Selain “mana‟ (Warisan), masyarakat Bugis juga mengenal istilah pabbere yang dalam Islam disebut hibah.

Dalam pepatah Bugis dikenal pepatah
“Luka manaa telluka pabbere” yang artinya warisan dapat ditarik kembali, tapi pemberian sekali diberikan tidak dapat ditarik lagi.

Selain pabbere, masyarakat Bugis khususnya di Kabupaten Wajo mengenal istilah pasẽng (wasiat). Wasiat dianggap sebagai suatu hal yang harus dilaksanakan karena akan dipertanggung jawabkan di akhirat nantinya.

Namun, dewasa ini masyarakat Bugis telah banyak dipengaruhi oleh budaya-budaya dari luar, terutama dengan masuknya unsur dan nilai agama dalam kehidupan keseharian masyarakat. Nilai-nilai adat telah berbaur dengan pengaruh agama.

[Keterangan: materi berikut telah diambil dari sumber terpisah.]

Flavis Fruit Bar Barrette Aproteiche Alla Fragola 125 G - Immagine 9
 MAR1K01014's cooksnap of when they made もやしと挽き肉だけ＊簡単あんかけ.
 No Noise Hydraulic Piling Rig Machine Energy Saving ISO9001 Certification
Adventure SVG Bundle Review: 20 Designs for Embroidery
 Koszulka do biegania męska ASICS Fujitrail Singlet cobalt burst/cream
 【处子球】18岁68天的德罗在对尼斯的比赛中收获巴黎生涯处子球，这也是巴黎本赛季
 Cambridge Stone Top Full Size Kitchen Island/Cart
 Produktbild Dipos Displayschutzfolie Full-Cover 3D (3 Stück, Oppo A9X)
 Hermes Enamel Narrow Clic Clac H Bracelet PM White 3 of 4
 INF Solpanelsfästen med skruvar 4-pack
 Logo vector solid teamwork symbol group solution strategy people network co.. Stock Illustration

Dalam masyarakat Bugis, dikenal beberapa macam cara peralihan harta diantaranya terdapat istilah pabbere, manaa, dan pasẽng. Pabbere dapat diistilahkan sebagai hibah yaitu pemberian seseorang kepada orang lain. Adapun manaa disebut sebagai warisan yaitu peralihan harta dari pewaris kepada ahli warisnya setelah pewaris meninggal dunia. Adapula yang disebut dengan pasẽng yang dapat diartikan sebagai wasiat seseorang kepada orang lain.

Disamping beberapa cara pengalihan harta yang disebutkan di atas, adapula yang disebut dengan istilah ampikale.

Ampikale berasal dari dua kata yaitu
ampi yang berarti penjagaan dan ale yang berarti diri. Ampikale sering juga disebut
dengan istilah pampobo (biaya hidup). Ampikale pada dasarnya adalah kekayaan seseorang yang disisahkan tidak dibagi kepada ahli warisnya atau tidak dihibahkan dengan tujuan untuk membiayai sisa hidupnya sampai meninggal dunia dan akan
diperuntukkan kepada yang memelihara , merawat dan mengurusi sampai meninggal,
oleh karena itu selama pemilik harta/pewaris masih hidup dan sehat belum dapat ditetapkan siapa bakal menjadi pemilik ampikale tersebut.

Ampikale biasanya dilakukan oleh orang yang tidak memiliki suami, isteri maupun keturunan. Akan tetapi, banyak pula orang yang memiliki keturunan tetap mempersiapkan harta ampikale. Hal ini disebabkan karena seringnya anak menelantarkan orang tuanya ketika sudah mendapatkan warisan. Harta ampikale ini dipersiapkan sebagai jaminan bilamana ia sakit atau persiapan untuk membiayai
keperluan meninggalnya. Berkaitan dengan peralihan harta kekayaan, harta ampikale yang masih tersisa dan tidak habis digunakan akan dibagi untuk semua ahli warisnya jika ia memiliki
ahli waris dan akan diberikan kepada yang memelihara dan merawat pemilik.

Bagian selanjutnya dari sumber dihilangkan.